Para uma operação de entrega porta a porta, falta, em especial, a profissionalização de players, especialmente em regiões não centrais e fora do sudeste. O Norte e o Nordeste, em grande parte, são atendidos apenas pelos Correios, porque falta infraestrutura e também porque às vezes não compensa financeiramente para outra transportadora fazer a entrega lá. Falta estrutura para entregar especialmente nessas regiões. Isso ficou muito claro no Natal de 2010, quando todos os e-commerce encontraram dificuldades para entregar nessas regiões, tanto por via aérea como por terrestre. Sem falar nas regulamentações fiscais, que também dificultam e causam impacto nas entregas.
- 10. O que é essencial para a logística do e-commerce brasileiro, do setor de vestuário e de qualquer outro?
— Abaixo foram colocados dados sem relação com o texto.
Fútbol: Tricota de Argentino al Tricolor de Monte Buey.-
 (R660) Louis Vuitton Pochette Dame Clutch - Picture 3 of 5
Rapidez e agilidade. O Brasil já está bastante evoluído em termos de e-commerce, temos players que entregam em até dois dias úteis nos principais pontos do País. É preciso trabalhar os entraves de forma a manter e a melhorar esse ponto. Ser rápido, não enrolar o cliente, e, principalmente, ser transparente. Informar ao cliente sobre o que está acontecendo, sempre o mantendo a par da situação, prevendo problemas e oferecendo, acima de tudo, soluções. Temos isso como uma meta na Privalia, tanto para o cliente como para a marca que é nossa parceira. Trabalhamos o SAC em diversos canais, sempre com o objetivo de realmente atender ao cliente, não de causar mais um problema. No nosso caso, temos feito um trabalho muito bom junto com a área de Marketing e Comunicação, no SAC, para atender aos clientes também pelas redes sociais em que atuamos, além de telefone e e-mail.
Conseguir aliar essa vontade de atender ao cliente e resolver o problema dele, com rapidez e agilidade na entrega do produto, isso, no momento, é o mais importante para o comércio eletrônico brasileiro.